Atos und Siemens arbeiten bei IoT intensiv zusammen
Der Integrator Atos blickt bei IoT bereits auf eine lange Geschichte zurück. Gemeinsam mit Siemens ist man seit sieben Jahren mit dem Thema beschäftigt. Heute ist IoT für Atos im Rahmen des Geschäftsfeldes Digitale Transformation ein Teil des Kern-Business.
Als sich Siemens vor einigen Jahren darüber Gedanken machte, wie es gelingen könnte, die Kernspin-Geräte des Siemens-Bereichs Healthcare aus den Hintergrund übers Web möglichst weitgehend automatisiert zu überwachen, schlug die Geburtsstunde des IoT-Engagements von Atos und Siemens. Wie bei den derzeit publizierten Projekten aus dem Bereich Predictive Maintenance ging es um Fehlerdiagnose, Fehlerbeseitigung, das Aufspielen von Updates und allgemeine Überwachung. Als Lösung für diese Aufgabe entstand die Common Remote Service Platform, die vor rund zwei Jahren in Core Communication Platform umbenannt wurde und inzwischen unter dem Namen Industrial IoT Platform angeboten wird.

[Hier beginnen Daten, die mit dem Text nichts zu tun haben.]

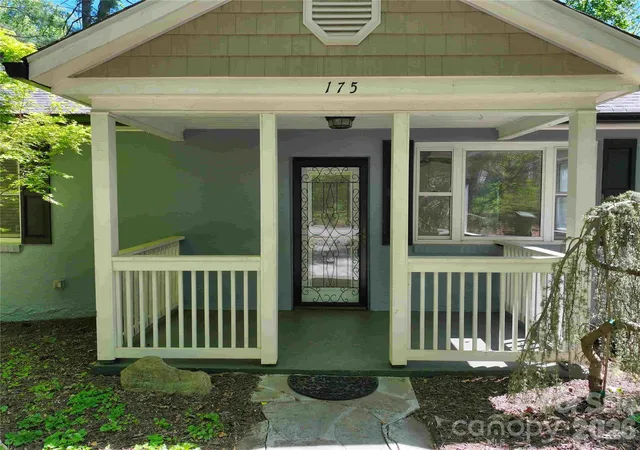 Homes for sale in Asheville, NC | 175 Chatham Rd, Asheville, NC 28804 | MLS# 4265209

Den gemeinsamen Anstrengungen kam zugute, dass Atos Origin das Siemens-Tochterunternehmen SIS (Siemens IT Solutions and Services), vorher unter dem Namen SBS (Siemens Business Services) am Markt, übernommen hatte. Sowohl Siemens als auch Atos Origin investierten im Rahmen des Aufkaufs 50 Millionen Euro in einen Innovationstopf, der 2015 um weitere 50 Millionen Euro aufgestockt wurde. Aus diesem Kapital floss auch ein zweistelliger Millionenbetrag an die Core Communication Platform, die, wie oben dargestellt, später zur Industrial IT Platform wurde.

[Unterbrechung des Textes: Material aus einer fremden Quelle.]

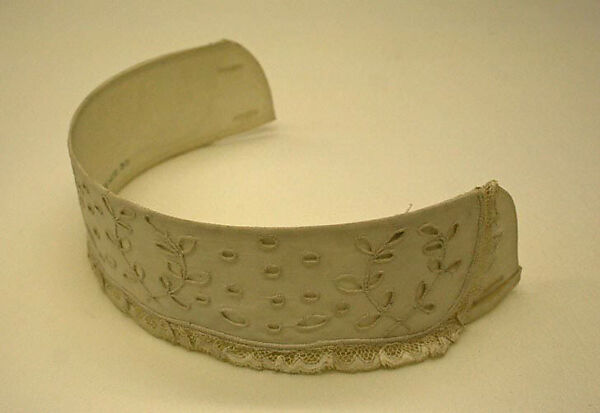 Collar, linen, French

Bei der Entwicklung der Plattform hat sich Atos vor allem auf die Technologien fokussiert, mit denen Daten zusammengebracht und so vorbereitet werden, dass sie anschließend in die analytischen Tools einfließen. Die Analytik selbst lässt Atos in der IoT-Plattform außen vor, genau wie die Sensortechnik, obwohl das Unternehmen mit Codex eine eigene Analysesoftware hat. Siemens nutzt diese heute unter dem Namen Sinalytics.
Kunden sollen frei bleiben, hier auf Wunsch auch andere Lösungen zu implementieren. “Im Grunde ist unsere Plattform eine reine Datendrehscheibe. Die Intelligenz bietet unsere Analytics Plattform Atos Codex”, sagt Ulrich Ahle, der bei Atos Deutschland unter anderem für das Thema Industrie 4.0 zuständig ist.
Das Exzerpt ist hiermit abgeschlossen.